A ce point on peut se demander si la renommée de conservateur que Dehio se fit, particulièrement en Allemagne au sein des groupes les plus avancés (dans la mesure où il en existe), était justifiée. Il nous semble que, au moins sous deux points de vue, cette réponse doive être affirmative. En premier lieu, selon Dehio, la situation mondiale actuelle, caractérisée par la présence de deux grandes puissances — par le « bipolarisme » — ne pouvait pas se transformer en un pluralisme de puissances, ni par conséquent en un système mondial (même si celui-ci de par ses dimensions et sa nature devait être tout-à-fait différent de l’ancien système européen), mais tendait inévitablement au monisme, résultat du dénouement de l’irréductible querelle entre l’Occident et le monde communiste. Il est clair que cette position pouvait facilement couvrir, tant en Europe qu’aux Etats-Unis, des tendances et des forces politiques incapables de sortir, de quelque façon que ce fût, du vieil atlantisme de l’après-guerre. En second lieu Dehio, tout en dépassant le schéma rankien des grandes puissances et en complétant l’instrument conceptuel de la raison d’Etat par la considération de la dynamique du processus technique, économique et social, laisse toujours chez le lecteur l’impression que l’éclairage porte de façon trop exclusive sur la considération de l’importance des rapports de puissance entre les Etats et que la catégorie de la « civilisation » soit, en fin de compte, secondaire. Il reste partant, sous cet aspect, dans les limites de l’école historique allemande qui, tout en ayant prouvé de Ranke à Dehio lui-même la grande fécondité de l’emploi de la catégorie de la raison d’Etat dans l’explication du processus politique, commet cependant l’erreur contraire à celle de l’école marxiste qui, négligeant la raison d’Etat, porte exclusivement l’éclairage sur la lutte de classe, en d’autres termes sur la raison sociale.

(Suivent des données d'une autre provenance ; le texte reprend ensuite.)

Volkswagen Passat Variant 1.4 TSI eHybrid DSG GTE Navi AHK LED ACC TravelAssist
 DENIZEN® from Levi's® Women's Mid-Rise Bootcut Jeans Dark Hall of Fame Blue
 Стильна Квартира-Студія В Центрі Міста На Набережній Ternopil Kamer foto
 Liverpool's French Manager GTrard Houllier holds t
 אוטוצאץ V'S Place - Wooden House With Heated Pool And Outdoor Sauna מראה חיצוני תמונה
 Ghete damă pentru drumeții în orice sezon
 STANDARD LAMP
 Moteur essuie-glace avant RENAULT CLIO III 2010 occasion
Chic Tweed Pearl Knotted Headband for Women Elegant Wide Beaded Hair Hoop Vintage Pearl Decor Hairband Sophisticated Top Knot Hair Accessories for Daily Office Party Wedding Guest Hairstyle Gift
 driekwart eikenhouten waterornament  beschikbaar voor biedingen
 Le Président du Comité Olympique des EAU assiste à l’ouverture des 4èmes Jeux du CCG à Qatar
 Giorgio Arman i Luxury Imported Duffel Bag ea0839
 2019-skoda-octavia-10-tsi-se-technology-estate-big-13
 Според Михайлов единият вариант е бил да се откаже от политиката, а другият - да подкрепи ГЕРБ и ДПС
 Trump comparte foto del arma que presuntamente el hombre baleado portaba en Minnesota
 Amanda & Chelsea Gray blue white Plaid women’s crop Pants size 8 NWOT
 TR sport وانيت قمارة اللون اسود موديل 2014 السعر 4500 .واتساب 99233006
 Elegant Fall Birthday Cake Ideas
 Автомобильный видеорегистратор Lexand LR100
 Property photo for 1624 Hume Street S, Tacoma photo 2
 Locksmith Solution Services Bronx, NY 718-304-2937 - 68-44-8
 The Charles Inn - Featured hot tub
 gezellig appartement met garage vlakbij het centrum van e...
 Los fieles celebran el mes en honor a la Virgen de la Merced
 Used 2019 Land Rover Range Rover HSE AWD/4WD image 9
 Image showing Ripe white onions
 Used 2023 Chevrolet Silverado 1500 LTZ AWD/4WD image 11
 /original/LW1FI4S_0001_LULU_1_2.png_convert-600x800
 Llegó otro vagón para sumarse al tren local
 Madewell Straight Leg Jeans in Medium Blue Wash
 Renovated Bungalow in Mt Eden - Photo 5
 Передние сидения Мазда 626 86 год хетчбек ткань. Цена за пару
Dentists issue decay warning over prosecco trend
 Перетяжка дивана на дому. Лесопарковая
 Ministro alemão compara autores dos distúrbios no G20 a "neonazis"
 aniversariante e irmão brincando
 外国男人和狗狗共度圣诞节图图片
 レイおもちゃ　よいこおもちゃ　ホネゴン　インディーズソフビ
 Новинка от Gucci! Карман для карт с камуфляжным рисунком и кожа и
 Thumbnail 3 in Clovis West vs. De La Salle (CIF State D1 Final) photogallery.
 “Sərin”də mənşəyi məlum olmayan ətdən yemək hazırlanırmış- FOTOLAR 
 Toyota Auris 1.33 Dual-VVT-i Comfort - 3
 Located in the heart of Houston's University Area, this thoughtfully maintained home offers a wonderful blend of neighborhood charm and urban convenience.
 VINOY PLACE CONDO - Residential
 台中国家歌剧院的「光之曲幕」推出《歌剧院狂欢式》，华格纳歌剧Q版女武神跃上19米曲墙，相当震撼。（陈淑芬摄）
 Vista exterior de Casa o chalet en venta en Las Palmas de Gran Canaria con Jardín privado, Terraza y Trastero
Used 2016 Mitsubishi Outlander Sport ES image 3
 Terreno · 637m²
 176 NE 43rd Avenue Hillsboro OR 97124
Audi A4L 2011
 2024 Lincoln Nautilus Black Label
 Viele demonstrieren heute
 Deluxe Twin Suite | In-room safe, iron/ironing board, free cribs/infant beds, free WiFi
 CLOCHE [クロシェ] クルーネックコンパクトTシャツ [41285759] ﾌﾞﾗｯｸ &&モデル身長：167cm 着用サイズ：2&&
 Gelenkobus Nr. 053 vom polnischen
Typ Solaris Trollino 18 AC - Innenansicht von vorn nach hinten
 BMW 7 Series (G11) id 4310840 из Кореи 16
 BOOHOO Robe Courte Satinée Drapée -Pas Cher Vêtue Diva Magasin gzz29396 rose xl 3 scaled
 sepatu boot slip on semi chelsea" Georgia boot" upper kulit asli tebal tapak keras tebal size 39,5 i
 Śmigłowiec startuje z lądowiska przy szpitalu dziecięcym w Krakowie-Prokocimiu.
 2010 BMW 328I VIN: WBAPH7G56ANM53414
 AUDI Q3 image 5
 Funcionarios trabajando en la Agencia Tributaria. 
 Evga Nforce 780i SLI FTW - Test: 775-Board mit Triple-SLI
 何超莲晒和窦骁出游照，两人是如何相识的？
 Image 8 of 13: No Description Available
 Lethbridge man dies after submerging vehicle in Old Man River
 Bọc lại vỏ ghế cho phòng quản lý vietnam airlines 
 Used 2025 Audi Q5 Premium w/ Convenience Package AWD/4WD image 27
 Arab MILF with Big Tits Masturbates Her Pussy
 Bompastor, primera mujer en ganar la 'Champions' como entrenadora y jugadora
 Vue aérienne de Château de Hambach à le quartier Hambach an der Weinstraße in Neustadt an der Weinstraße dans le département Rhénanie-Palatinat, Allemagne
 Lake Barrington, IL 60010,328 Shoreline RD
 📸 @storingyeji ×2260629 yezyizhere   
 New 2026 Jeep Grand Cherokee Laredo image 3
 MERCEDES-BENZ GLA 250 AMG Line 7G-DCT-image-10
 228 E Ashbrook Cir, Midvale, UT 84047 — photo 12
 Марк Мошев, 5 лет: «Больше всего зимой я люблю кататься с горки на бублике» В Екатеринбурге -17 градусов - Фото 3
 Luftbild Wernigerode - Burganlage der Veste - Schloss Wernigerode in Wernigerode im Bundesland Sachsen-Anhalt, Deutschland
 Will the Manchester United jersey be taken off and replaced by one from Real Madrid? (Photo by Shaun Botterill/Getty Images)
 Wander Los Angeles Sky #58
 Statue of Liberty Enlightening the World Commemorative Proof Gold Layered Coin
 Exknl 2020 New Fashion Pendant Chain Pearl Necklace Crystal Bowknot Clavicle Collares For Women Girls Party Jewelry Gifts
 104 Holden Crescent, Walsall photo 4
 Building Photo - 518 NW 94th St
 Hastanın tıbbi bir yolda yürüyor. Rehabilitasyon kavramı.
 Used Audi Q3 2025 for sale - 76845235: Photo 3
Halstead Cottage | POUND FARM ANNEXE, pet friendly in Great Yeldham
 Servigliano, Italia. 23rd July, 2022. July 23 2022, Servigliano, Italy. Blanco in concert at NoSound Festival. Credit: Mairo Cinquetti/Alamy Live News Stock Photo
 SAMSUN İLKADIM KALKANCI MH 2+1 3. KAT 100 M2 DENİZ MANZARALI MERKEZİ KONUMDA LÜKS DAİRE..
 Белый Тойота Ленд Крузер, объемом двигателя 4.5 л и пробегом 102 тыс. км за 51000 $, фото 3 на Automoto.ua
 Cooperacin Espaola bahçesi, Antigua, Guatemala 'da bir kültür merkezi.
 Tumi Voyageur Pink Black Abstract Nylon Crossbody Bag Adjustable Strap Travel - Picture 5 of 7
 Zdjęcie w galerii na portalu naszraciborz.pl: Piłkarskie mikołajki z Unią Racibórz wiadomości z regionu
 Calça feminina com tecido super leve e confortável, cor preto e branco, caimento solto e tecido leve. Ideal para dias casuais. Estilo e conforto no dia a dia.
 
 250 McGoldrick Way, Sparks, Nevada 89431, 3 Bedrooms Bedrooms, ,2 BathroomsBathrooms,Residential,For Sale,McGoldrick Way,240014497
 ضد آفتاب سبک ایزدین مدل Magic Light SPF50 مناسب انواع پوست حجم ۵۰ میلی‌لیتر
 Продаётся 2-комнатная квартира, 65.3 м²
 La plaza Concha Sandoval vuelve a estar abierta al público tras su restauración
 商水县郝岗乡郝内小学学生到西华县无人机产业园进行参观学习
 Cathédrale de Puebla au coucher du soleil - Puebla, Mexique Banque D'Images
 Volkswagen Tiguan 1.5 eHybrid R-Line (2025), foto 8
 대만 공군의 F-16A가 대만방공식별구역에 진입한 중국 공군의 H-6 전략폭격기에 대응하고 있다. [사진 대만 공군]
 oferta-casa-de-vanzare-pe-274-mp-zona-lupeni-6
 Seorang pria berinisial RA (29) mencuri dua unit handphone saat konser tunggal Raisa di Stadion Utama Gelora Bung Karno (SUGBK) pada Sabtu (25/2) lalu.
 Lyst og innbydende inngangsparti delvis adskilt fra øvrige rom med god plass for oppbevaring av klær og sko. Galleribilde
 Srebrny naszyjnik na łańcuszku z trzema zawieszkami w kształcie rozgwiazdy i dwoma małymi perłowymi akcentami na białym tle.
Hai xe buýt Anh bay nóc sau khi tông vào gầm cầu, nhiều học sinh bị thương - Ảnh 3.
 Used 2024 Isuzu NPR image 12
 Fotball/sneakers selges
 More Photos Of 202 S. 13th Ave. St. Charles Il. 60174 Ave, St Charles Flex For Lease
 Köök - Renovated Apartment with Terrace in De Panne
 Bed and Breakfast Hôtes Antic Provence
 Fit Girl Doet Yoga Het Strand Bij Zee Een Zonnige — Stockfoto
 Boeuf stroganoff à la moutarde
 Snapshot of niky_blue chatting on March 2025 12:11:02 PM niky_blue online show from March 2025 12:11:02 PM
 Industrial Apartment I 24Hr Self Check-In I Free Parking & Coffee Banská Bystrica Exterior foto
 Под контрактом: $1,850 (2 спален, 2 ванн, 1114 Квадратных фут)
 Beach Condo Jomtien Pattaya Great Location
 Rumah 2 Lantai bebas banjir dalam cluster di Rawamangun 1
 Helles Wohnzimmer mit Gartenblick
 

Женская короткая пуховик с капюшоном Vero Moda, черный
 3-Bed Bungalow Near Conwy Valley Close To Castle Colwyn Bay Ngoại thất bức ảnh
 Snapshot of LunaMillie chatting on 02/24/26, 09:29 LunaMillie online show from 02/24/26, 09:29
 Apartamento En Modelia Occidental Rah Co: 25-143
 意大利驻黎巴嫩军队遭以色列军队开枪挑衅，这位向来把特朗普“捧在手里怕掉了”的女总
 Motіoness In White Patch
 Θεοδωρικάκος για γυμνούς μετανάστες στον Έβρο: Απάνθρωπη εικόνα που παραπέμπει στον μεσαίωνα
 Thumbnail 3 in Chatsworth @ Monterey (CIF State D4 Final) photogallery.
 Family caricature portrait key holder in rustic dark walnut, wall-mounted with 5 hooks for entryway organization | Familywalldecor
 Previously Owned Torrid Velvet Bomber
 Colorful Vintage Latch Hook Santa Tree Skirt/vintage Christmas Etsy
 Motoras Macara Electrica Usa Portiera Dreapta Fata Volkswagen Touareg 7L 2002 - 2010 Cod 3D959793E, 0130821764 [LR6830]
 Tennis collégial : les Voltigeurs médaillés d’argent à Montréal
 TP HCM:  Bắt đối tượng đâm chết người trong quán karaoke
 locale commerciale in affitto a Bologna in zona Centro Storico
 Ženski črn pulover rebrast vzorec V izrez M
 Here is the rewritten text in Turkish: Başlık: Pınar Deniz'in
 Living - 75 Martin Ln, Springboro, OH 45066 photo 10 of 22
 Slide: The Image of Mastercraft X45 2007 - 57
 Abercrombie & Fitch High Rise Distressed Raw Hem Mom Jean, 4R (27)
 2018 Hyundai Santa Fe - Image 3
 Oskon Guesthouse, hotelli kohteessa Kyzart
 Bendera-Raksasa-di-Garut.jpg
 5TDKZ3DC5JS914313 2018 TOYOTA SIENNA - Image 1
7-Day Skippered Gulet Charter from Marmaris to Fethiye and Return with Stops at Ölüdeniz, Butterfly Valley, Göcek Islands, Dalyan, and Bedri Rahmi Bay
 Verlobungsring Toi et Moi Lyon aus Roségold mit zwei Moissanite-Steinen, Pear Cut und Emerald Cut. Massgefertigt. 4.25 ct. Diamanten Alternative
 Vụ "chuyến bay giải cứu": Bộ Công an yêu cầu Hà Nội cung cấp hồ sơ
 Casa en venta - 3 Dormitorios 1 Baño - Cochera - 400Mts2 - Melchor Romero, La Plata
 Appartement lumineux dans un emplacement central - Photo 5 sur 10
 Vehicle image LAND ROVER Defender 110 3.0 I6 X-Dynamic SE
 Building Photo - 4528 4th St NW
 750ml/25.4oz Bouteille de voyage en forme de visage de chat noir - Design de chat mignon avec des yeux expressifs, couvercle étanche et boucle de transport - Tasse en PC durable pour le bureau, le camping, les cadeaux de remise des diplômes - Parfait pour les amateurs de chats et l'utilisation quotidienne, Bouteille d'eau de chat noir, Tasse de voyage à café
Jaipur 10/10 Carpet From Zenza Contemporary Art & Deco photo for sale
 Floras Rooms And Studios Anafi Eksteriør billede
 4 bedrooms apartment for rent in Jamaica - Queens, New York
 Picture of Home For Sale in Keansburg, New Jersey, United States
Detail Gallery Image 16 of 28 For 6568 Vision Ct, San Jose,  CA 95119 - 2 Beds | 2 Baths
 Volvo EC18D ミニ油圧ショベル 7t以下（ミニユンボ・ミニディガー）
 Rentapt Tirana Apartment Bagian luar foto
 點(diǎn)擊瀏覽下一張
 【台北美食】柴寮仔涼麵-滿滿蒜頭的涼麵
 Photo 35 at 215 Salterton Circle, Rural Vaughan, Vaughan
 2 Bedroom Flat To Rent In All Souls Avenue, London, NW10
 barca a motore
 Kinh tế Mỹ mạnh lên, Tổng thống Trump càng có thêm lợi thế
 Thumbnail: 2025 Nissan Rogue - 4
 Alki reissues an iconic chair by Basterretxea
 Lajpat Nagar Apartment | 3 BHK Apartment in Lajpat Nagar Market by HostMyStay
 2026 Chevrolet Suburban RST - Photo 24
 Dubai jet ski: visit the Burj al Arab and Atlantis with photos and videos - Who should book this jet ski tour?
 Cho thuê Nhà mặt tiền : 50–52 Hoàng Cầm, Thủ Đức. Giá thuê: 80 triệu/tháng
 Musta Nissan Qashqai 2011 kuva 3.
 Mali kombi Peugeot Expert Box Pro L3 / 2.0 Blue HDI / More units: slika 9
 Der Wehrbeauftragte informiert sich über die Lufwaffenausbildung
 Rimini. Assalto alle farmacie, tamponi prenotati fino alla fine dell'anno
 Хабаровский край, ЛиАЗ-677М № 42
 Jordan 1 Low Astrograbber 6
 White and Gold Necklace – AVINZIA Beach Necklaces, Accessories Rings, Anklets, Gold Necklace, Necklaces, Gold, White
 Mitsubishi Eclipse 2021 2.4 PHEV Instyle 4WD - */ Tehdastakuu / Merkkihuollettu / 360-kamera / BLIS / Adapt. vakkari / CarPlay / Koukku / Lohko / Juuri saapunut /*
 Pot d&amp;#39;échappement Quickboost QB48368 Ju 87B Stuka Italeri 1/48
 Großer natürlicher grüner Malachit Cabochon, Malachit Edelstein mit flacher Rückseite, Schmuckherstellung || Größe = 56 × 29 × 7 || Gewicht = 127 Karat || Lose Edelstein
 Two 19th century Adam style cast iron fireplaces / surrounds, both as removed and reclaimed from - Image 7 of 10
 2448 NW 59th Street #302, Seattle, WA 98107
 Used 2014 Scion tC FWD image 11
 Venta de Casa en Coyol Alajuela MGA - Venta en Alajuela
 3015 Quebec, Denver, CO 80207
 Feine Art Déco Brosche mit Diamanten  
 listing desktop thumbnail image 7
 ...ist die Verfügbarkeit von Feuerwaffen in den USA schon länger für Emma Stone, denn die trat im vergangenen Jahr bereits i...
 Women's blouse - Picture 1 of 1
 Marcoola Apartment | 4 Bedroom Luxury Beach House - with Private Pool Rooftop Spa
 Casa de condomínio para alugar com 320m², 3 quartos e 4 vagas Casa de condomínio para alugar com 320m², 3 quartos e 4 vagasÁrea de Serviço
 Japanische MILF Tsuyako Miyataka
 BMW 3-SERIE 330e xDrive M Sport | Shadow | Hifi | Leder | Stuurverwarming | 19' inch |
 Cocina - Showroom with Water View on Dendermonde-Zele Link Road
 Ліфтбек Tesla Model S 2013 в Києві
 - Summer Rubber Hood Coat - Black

Il faut peut-être rechercher l’explication de cet état de choses dans l’attitude spirituelle de Dehio à l’égard de la « civilisation », qu’il entend comme étant une force objective menaçant de détruire l’« intériorité » de la conscience, de rendre relatives les valeurs métaphysiques auxquelles, en tant que catholique, il rapportait la liberté de l’individu, d’annuler la responsabilité individuelle dans un monde fait de déterminismes. Par conséquent le devoir et la mission de l’histoire, qui étaient autrefois de mener à l’action dans le monde, consistent maintenant à régénérer les consciences, à valoriser la « cellule originaire de toute histoire, l’homme ». C’est sur ce même point que débouchent, à travers des expériences différentes et par des sentiers divers, Burckhard et Meinecke, pour ne citer que ceux qui sont les plus proches de notre auteur de par leur perspective culturelle. Tel est le chemin qui conduisit Dehio sur les collines de la verte vallée de la Lahn, à Marburg, où il trouva sa nouvelle Heimat, dans la plus belle des vieilles villes allemandes que la barbarie de la guerre n’ait pas atteintes, mais peut-être aussi dans la plus détachée de l’agitation turbulente des forces de la « civilisation » moderne. Mais de toute façon l’actualité et la valeur de son enseignement ne sont pas liées à la perspective philosophique qui l’accompagne, il s’agit là de données qui ont touché notre conscience et notre sensibilité historique et c’est pourquoi nous serons toujours reconnaissants à la mémoire de Ludwig Dehio qui, en nous apprenant à comprendre notre passé, nous a fourni la meilleure indication quant à la route à suivre vers l’avenir.